The ingrained attitudes
and stereotypes held by the mistikuna (the Quechua
term for mestizo people) toward the runakuna
(native people--the Quechua term for themselves) in most
highland towns have led to a variety of discriminatory
behaviors, from mocking references to "brute" or
"savage" to obliging native Americans to step
aside, sit in the back of vehicles, and in general humble
themselves in the presence of persons of higher status. The
pattern of ethno-racist denigration has continued despite
all of the protests and reports, official policies, and
compelling accounts of discrimination described in Peruvian
novels published since the beginning of the twentieth
century.
The regions and
departments with the largest populations of native peoples
are construed to be the most backward, being the poorest,
least educated, and less developed. They are also the ones
with the highest percentages of Quechua and Aymara speakers.

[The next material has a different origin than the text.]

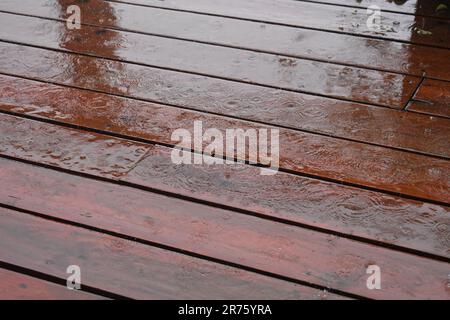 A heavy rain falls on a wooden deck, making interesting patterns. Stock Photo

The reasons for the perpetuation of colonial values with
respect to autochthonous peoples is complex, being more than
a simple perseverance of custom. The social condition of the
population owes its form to the kinds of expectations
embedded in the premises and workings of the nation's
institutions. These are not easily altered. Spanish
institutions of conquest were implanted into colonial life
as part of the strategy for ruling conquered peoples: the
indigenous people were defeated and captured and thus, as
spoils of war, were as exploitable as mineral wealth or
land. In the minds of many highland mestizos as well as
better off urbanites, they still are.
Although the Spanish
crown attempted to take stern control over civic affairs,
including the treatment, role, and conditions of native
Americans who were officially protected, the well-intended
regulations were neither effective nor accepted by Creole
and immigrant interests. Power and status derived from
wealth and position, considered not only to be in the form
of money and property, but also coming from the authority to
exercise control over others. Functionaries of the colonial
regime paid for their positions so that they could exact the
price of rule from their constituent populations. Encomenderos,
corregidores, and the numerous bureaucrats all held
dominion over segments of the native population and other
castes, which were obliged to pay various forms of tribute.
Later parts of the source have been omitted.